Many researchers would rather err on the side of creating an AIDS vaccine that is the safest possible, even if it isn't very effective and protects, say, only one of every three people inoculated. "Our objectives are much more modest and humble than they used to be," says Michel Klein, head of Pasteur Merieux's AIDS vaccine effort.
Pasteur Merieux has tested one version in about 100 patients thus far. It uses the canary-pox virus to carry HIV genes into the body, where the genes produce proteins that can trigger an immune-system alarm.
In early tests on people, the vaccine and a follow-on booster shot generated antibodies in all patients, a sign the immune system kicked into gear. It also triggered the mobilization of killer T-cells, the immune system's attack force, in 40% of the patients, Dr. Klein says.
If the canary-pox prototype passes current safety tests, the company would begin an efficacy trial of 3,500 people in the U.S. in 1998 and smaller trials in Uganda and Thailand over the next few years.
Merck and other companies are experimenting with DNA vaccines that involve injecting one or two HIV genes, rather than the whole virus, into muscle or other tissue. Theoretically, the genes would enter the patient's cells and produce HIV proteins, training the immune system to recognize and defend against HIV.
But many leading scientists argue that researchers need to pull back and conduct more basic science on HIV and the deepest mechanisms of the immune system itself. Designing drugs to treat AIDS was a narrower pursuit because drugs often seek to block a single viral protein. Vaccines, by contrast, activate a complex system of interacting biological processes, much of which is still poorly understood.
"Given the limited success of existing vaccines, we need to inject new concepts," says David Baltimore, a Massachusetts Institute of Technology biologist and Nobel laureate who was named last month to advise the National Institutes of Health on the AIDS-vaccine program.
That will require more funding. "If we get a candidate that really looks hot, then we will throw whatever millions of dollars at it that it takes to fund it adequately. But it really depends on having the scientific opportunities to fund," says Anthony Fauci, director of the National Institute of Allergy and Infectious Diseases, which oversees government-funded AIDS research.

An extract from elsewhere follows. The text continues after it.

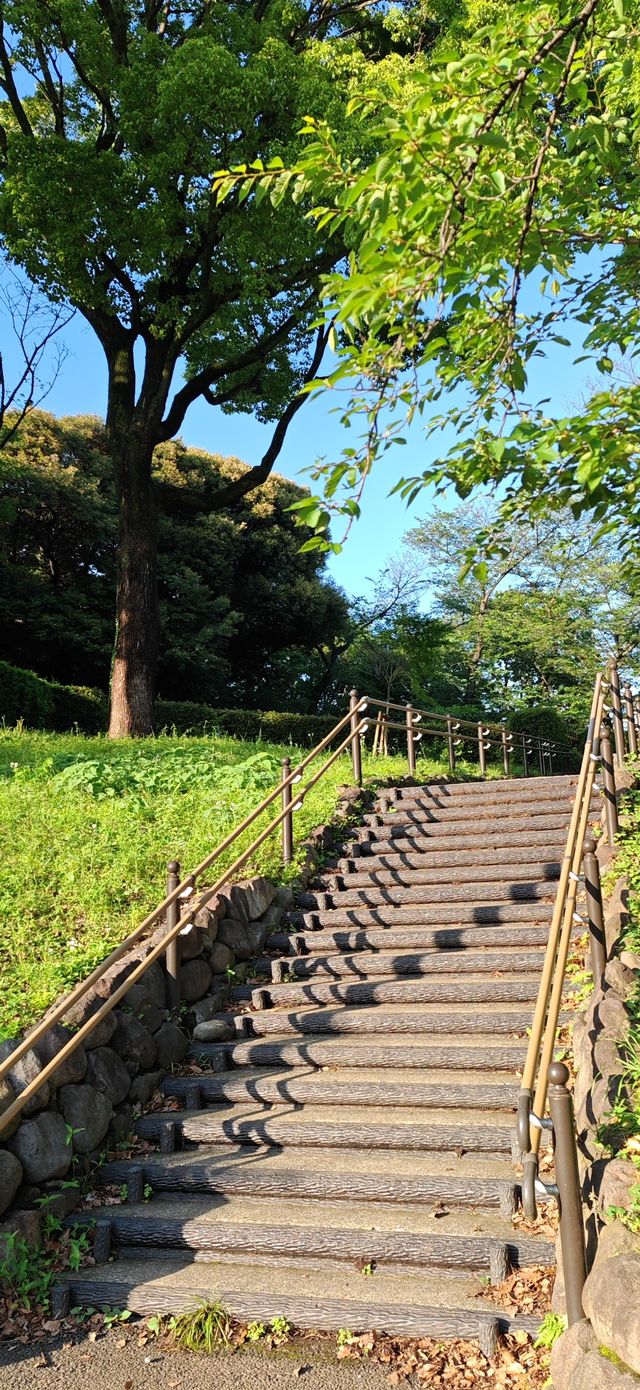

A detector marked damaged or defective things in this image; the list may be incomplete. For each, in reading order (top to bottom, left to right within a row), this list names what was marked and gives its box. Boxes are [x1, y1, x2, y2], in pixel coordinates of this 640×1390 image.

Thus the argument continues its circular path: The companies are waiting for advances in basic science; basic-science researchers are waiting for the government to ante up; government is waiting for basic breakthroughs from academic and corporate labs.
David Gilden, an official at the Gay Men's Health Crisis in New York, says plenty of people -- including himself -- would readily volunteer to test even a live-virus vaccine, if only drug companies and AIDS researchers would get their act together. "We need an AIDS vaccine," Mr. Gilden says. "Get on with it."